The task: A single stretch of the material below is to be transcribed exactly, starting at the line with "良英 / 文藝春秋 [文庫]【宅配便出荷】" and ending after the line with "Nasty Fever - Chapter 14".

Supplied material below:

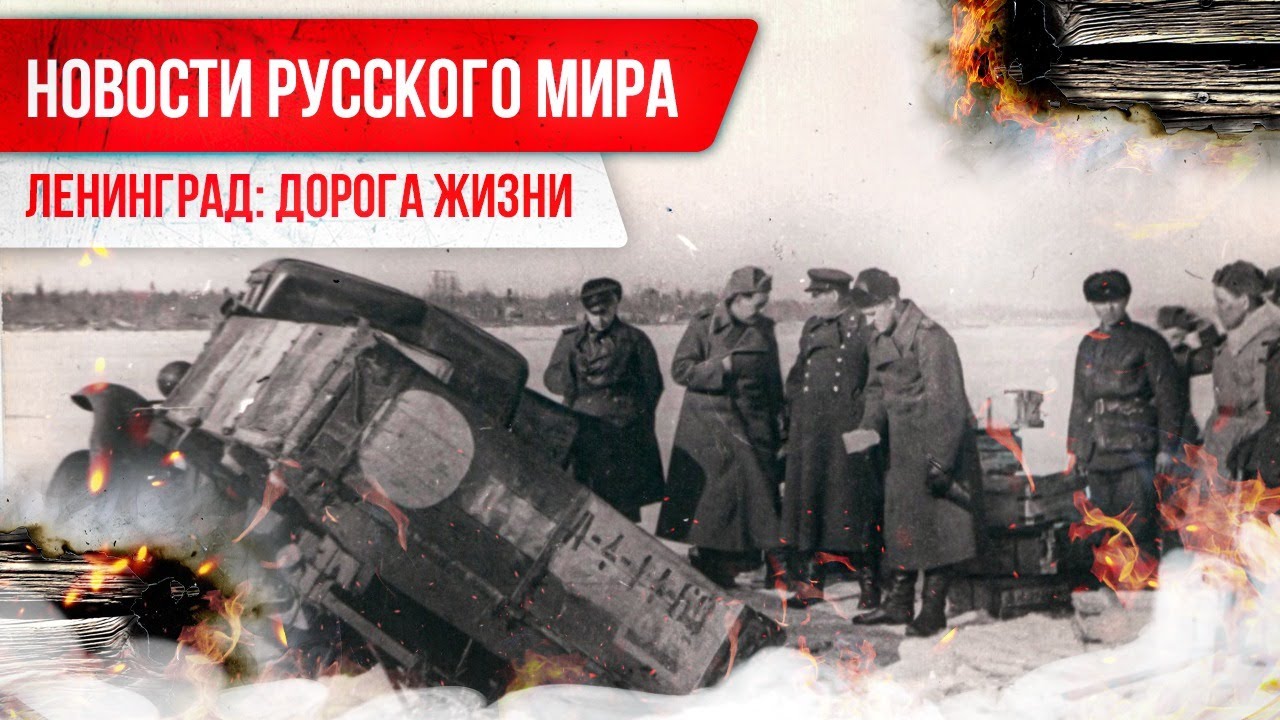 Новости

End of Supplied material.
Supplied material below:

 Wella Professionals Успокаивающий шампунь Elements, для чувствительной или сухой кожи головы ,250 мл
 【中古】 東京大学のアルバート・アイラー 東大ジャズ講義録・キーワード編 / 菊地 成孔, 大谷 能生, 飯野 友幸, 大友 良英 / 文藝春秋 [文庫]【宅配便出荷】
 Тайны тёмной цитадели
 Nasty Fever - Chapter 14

End of Supplied material.
Supplied material below:

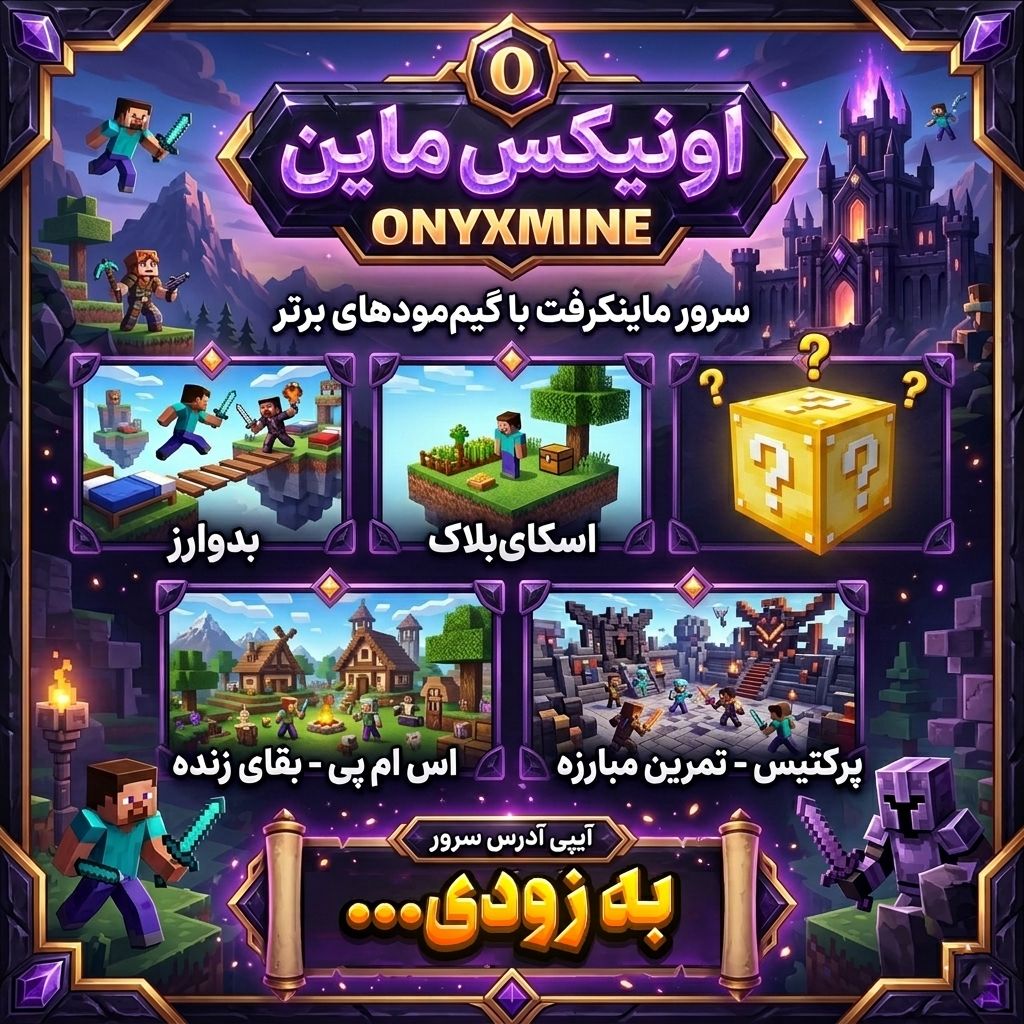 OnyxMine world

End of Supplied material.

Answer to this problem:
 【中古】 東京大学のアルバート・アイラー 東大ジャズ講義録・キーワード編 / 菊地 成孔, 大谷 能生, 飯野 友幸, 大友 良英 / 文藝春秋 [文庫]【宅配便出荷】
 Тайны тёмной цитадели
 Nasty Fever - Chapter 14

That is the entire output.